To cope with the imbalance, several different class balancing techniques are evaluated for the training step. To balance the industrial dataset, SMOTE + ENN sampling turns out to yield the highest \({f}_{2}\)-score with an increase of 2.0%. This corresponds with studies that confirm the supremacy of this technique (More 2016). In general, synthetic sampling algorithms outperform static sampling techniques. Interestingly, the synthetic sampling algorithms, especially if combined with ENN or Tomek, increase recall and decrease precision. According to Boardman et al. (2018), this is due to the expansion and generalization of the minority class boundaries and the shift of the classification bias toward the minority class. This is achieved by removing instances that are misclassified by their three nearest neighbors. The disadvantage of SMOTE + ENN is that this sampling requires significant computational resources. For our industrial dataset, each training iteration takes about five additional hours, which is an increase of 900%. Due to limited resources, we exclude SMOTE + ENN from the further evaluation of preprocessing steps. We continue the preprocessing evaluation, as well as the algorithm hyperparameter tuning by implementing SMOTE. However, we use SMOTE + ENN for the final evaluation of the model.

Moreover, we evaluate if feature engineering increases prediction performance and test if the performance increases due to the inclusion of the neighborhood features of the five preceding vehicles. Additionally, we test batch features, that is, rolling means of features for a short-term horizon of 100 cycles and a long-term horizon of 600 cycles. The shorter horizon accounts for a timespan of approximately half a shift, whereas the longer horizon captures the effects of an entire day. The horizons are set based on the knowledge of domain experts. The expansion of the feature space by these additional features does not notably improve prediction performance. Lastly, we perform another instance selection strategy based on filter rules. Here, the selection is optional as it aims to dismiss those vehicles from the training set that are mainly affected by process-related factors, that is, vehicles that were subject to quality checks or product audits. According to our product-oriented view, the influence of process-related factors is neglected. The vehicles that are subject to product audits and quality checks are randomly selected from the sequence and cannot be identified a priori. In total, by removing 1,903 affected vehicles from the training set, an increase of 14.6% is observed in the \({f}_{2}\)-score.

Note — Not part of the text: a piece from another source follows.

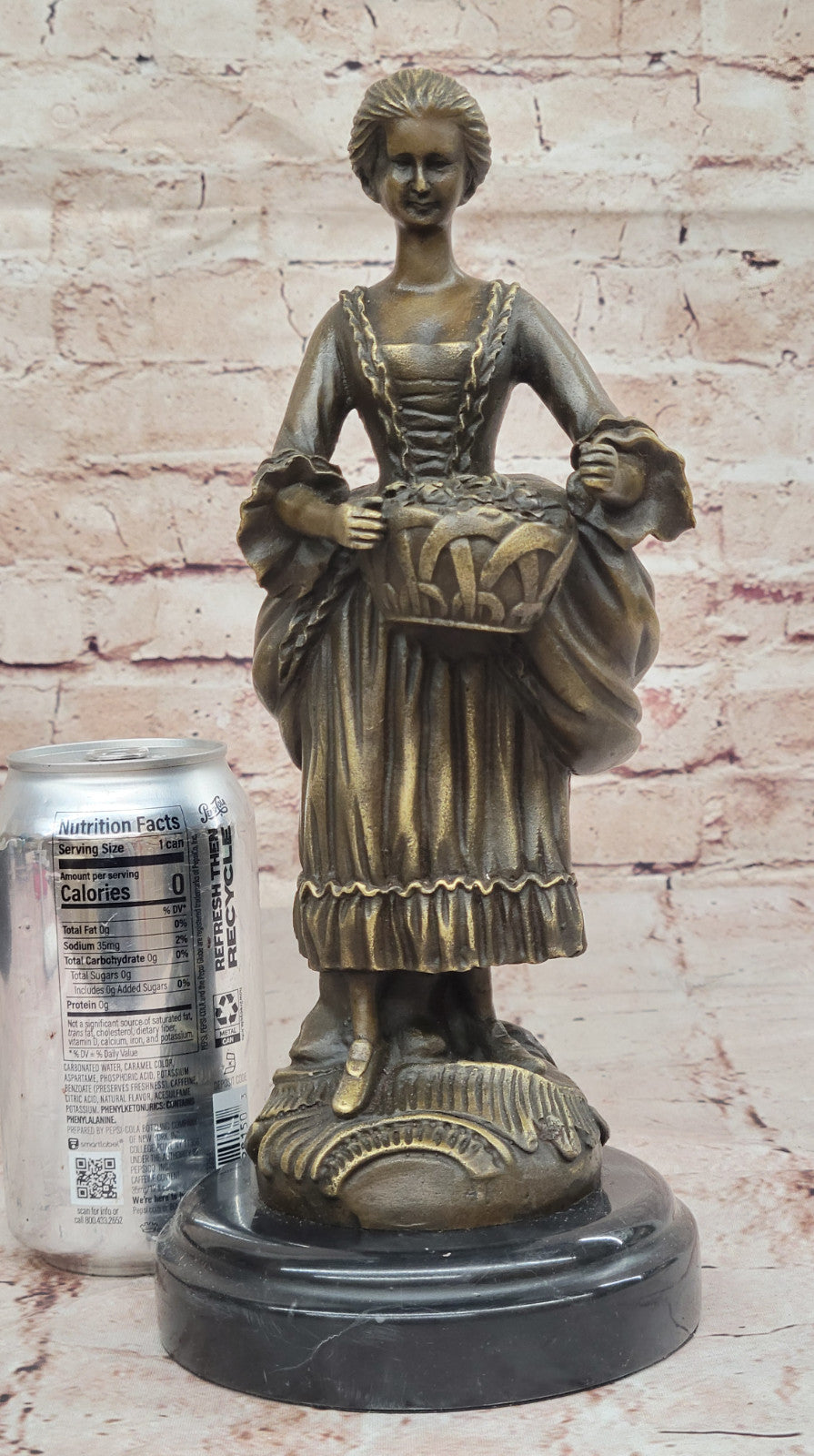 Signed Milo Bronze Sculpture - Victorian Lady with Fruit Basket Classic Decor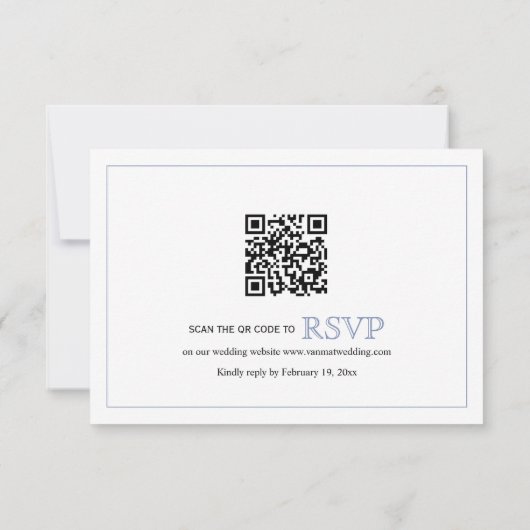 Blauwe elegante bloemenkam monogram QR code bruilo RSVP Kaartje (Achterkant)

Based on the evaluation results, we derive the preprocessing pipeline as the successive application of filter rules, one-hot-encoding, upper and lower frequency cut-offs at 0.5%, SMOTE + ENN, and the removal of audited and quality-checked vehicles (Fig. 6).

Fig. 6
figure 6

Preprocessing pipeline with respective increases of the average \({{{f}}}_{2}\)-score

5.7 Classification model

We pre-selected three algorithms for further evaluation: An Artificial Neural Network, an Extreme Gradient Boosting Classifier, and a Random Forest Classifier. Each algorithm is separately hyperparameter tuned. To reduce a preprocessing bias, we apply the default preprocessing steps (d) for the hyperparameter search.

5.8 Model error estimation

We test and evaluate different preprocessing techniques based on a non-hyperparameter-tuned classification algorithm. We implement a grid search to determine hyperparameters for the classification algorithms. The hyperparameter grid search is performed on an Intel Xeon CPU E5-2667 v4 with 3.20 GHz, 4 processors with 8 physical kernels each, and 64 GB of RAM. A detailed summary of the hyperparameter grid search, as well as the final hyperparameter selection, is presented in Table 12 (see the Appendix). The hyperparameters are used later to evaluate and benchmark the algorithms.

Again, we emphasize the evaluation under real-world conditions. To simulate the effects of an online learning model, the industrial dataset is chronologically ordered and fed into the model instance-by-instance. This enables the monitoring of the models’ performance over time and a simulation of real-time behavior. We use Scikit-Multiflow framework to stream data (Montiel et al. 2018). The first relevant parameter to be selected is the size of the initial training batch I. The initial batch is used to pretrain the SML classification model before its deployment in the AI artifact. We use one quarter of the available data to pretrain, that is, 50,000 data points. Once the stream of feature values commences, the model makes batchwise predictions. An online learning module runs in parallel to trigger relearning. The relearning cycle can be either continual, that is, in fixed batch sizes, or continuous, that is, separately for each new instance. We decided to evaluate continual relearning with a fixed trigger that sets off relearning after receiving C new instances of the minority class. At least one new instance per class is required to improve the model on new, unseen data. We evaluate different values for C to find a suitable parameter setting. If the minimum cycle C = 1 is chosen, that is, the maximum relearning frequency, quasi-continuous learning is applied. However, \(C>1\) is recommended to prevent overfitting. The relearning batches differ in size whenever datapoints of the minority class are not uniformly distributed along the time horizon. If delayed vehicles occur more frequently, the relearning cycle is shortened, and vice versa. Four different strategies are implemented and evaluated to cope with concept drifts: No Online Learning, Incremental Learning, Batch Retraining, and Active Decision Learning with different values of λ for the Page-Hinckley-Test.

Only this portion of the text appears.